→ **Task to complete**
Write out the lines below once more, exactly as they appear. Do not include pictures.
┌─ Provided data
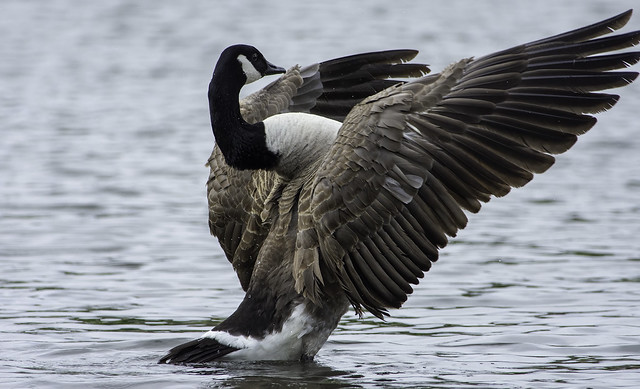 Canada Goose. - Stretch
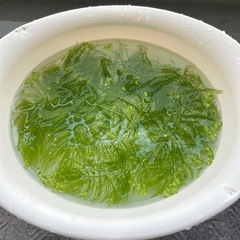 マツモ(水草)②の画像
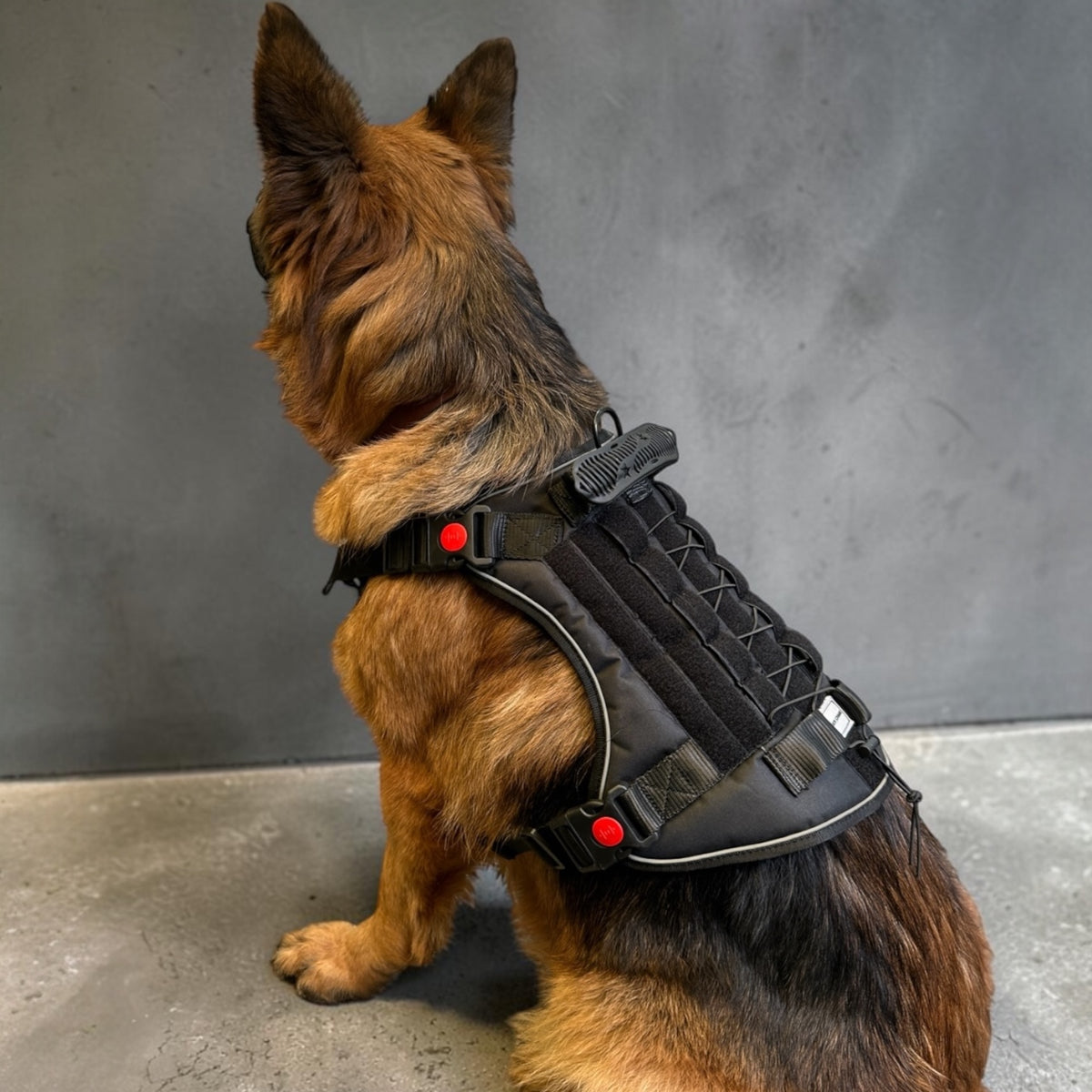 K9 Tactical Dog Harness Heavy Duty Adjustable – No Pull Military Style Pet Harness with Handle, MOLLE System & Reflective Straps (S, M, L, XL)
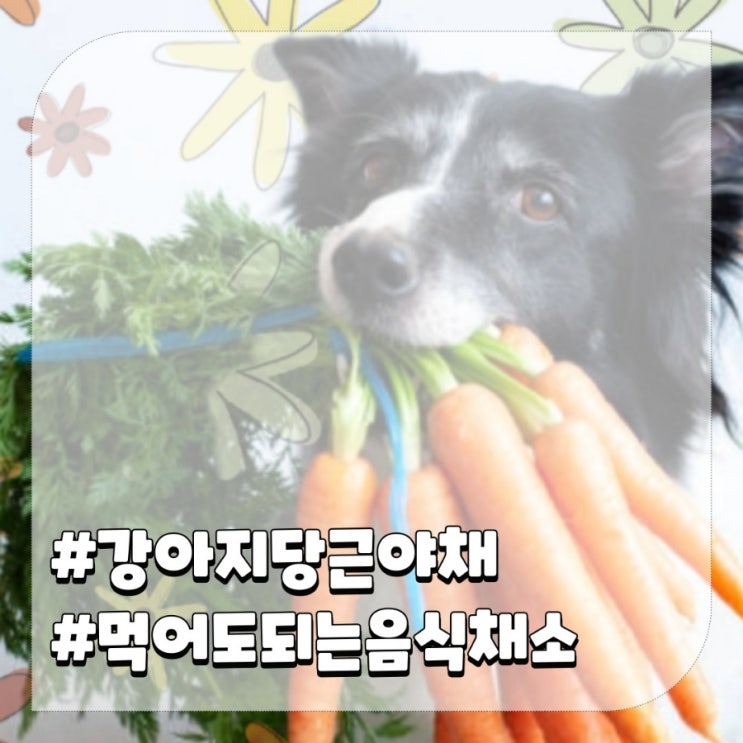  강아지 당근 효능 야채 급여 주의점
└─
→ **Written answer**
 Canada Goose. - Stretch
 マツモ(水草)②の画像
 K9 Tactical Dog Harness Heavy Duty Adjustable – No Pull Military Style Pet Harness with Handle, MOLLE System & Reflective Straps (S, M, L, XL)
  강아지 당근 효능 야채 급여 주의점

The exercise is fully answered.